With the Flex, which comes in both the 500 and its military counterpart the 590, changing the gun’s furniture becomes as easy as switching barrels. The project started six and a half years ago when a Mossberg employee posed this question: “Wouldn’t it be great to be able to come home from duck hunting and switch your gun for home defense?”
Pick a Part, Any Part
Instant switching of parts is possible via the Flex’s TLS (tool-less locking system). The biggest design challenge lay in making a stock that could be removed and replaced fast without compromising strength. Mossberg engineers replaced the standard through-bolt in the stock with a zinc spline (ridged socket and coupling). A bolt on top of the stock head locks the spline. Pull the bolt up, turn it 90 degrees, and the stock pulls off. The fore-end snaps on and off a bracket staked to the action bars by means of a spring latch. Another latch holds the recoil pad in place, and it pops off when you push a recessed button.
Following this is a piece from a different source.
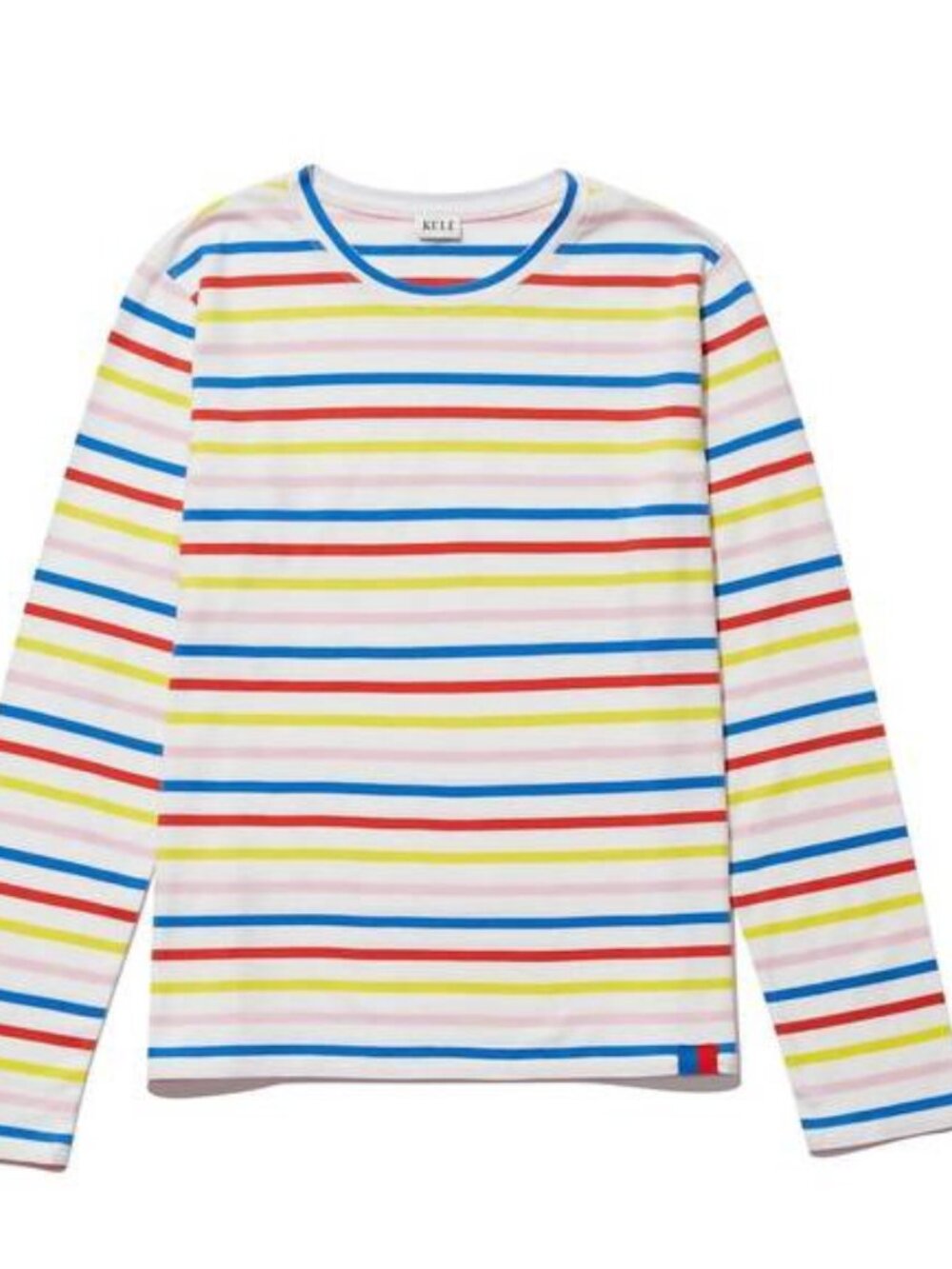 KULE The Modern Long Sleeve Striped Tee Rainbow White Size S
Because the military expressed an interest in Flex, the guns have endured strenuous testing. “They were carried, dropped, shot a lot, and put through other tests to simulate active-duty use,” says Mossberg’s Bill Lutton.
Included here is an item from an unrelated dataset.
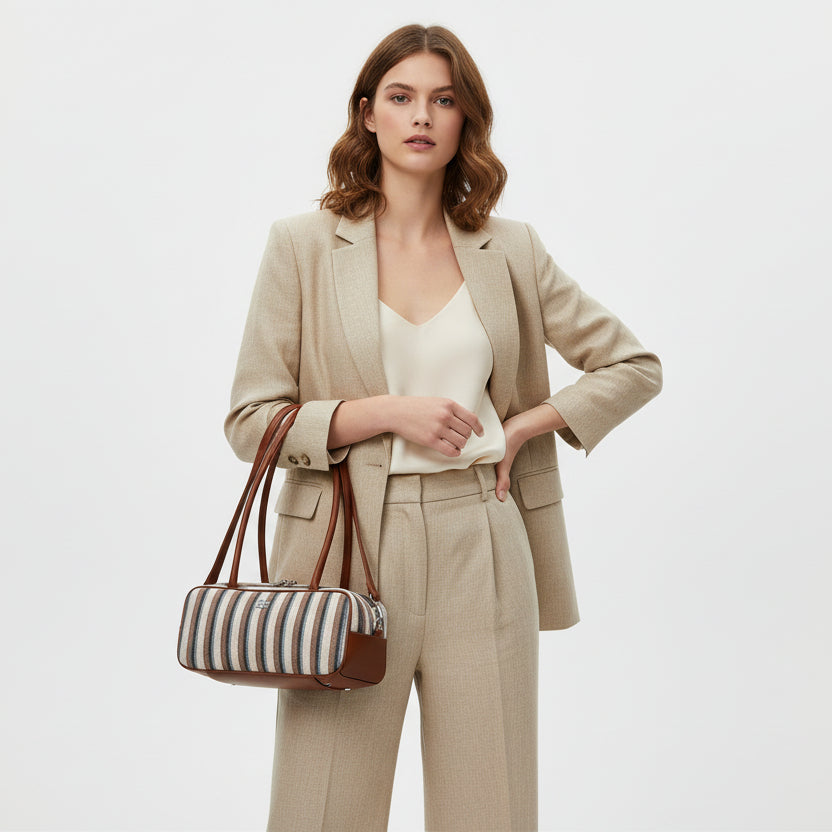 Bolso de hombro con asas largas y a rayas en marrón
The guns have also survived contact with the general public. Demo models were put together and taken apart hundreds of times at trade shows without failure. The connectors on my test Flex functioned well. The stock joint felt rock solid. Like all Mossberg products, the Flex seems inexpensively made, but don’t underestimate it: Mossberg has built its brand with affordable, durable shotguns; there are currently 50,000 to 70,000 Model 590s in military service.
At the Range
The Flex weighed a little over 7 pounds, a bit more than some 500s. It handled just the same as any Model 500, although the fore-end was a tad bulkier than normal. All the guns have Accu-Choke interchangeable choke tubes. It cycled slickly out of the box, as I found at the skeet range.
I switched parts to make a tactical gun and fired the Flex with Federal’s FliteControl buckshot loads. My gun was one of the versions fitted with the adjustable Lightning Pump Action trigger. It had a pull of a little less than 3 pounds as set at the factory, making it easy to place the buckshot loads precisely on target.
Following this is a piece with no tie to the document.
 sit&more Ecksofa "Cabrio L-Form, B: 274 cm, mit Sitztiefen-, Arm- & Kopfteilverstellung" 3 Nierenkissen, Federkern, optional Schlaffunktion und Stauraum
Complaints? Many of the Flex barrels are ported, but the recoil reduction is slight and the trade-off is cleaning ports.
Eleven versions of the Flex, all in 12 gauge, range from $593 to $826. A Flex would be perfect for kids; it is priced right and the pad, stock, and barrels can grow along with your son or daughter.
Most people currently buying guns are using them to shoot for fun at targets, milk jugs, zombies, whatever. Going to the range is bound to put them in contact with hunters. With the Flex, they have a gun that’s easily convertible to hunting if they want to give it a try. For that reason, the Flex could be good for all of us.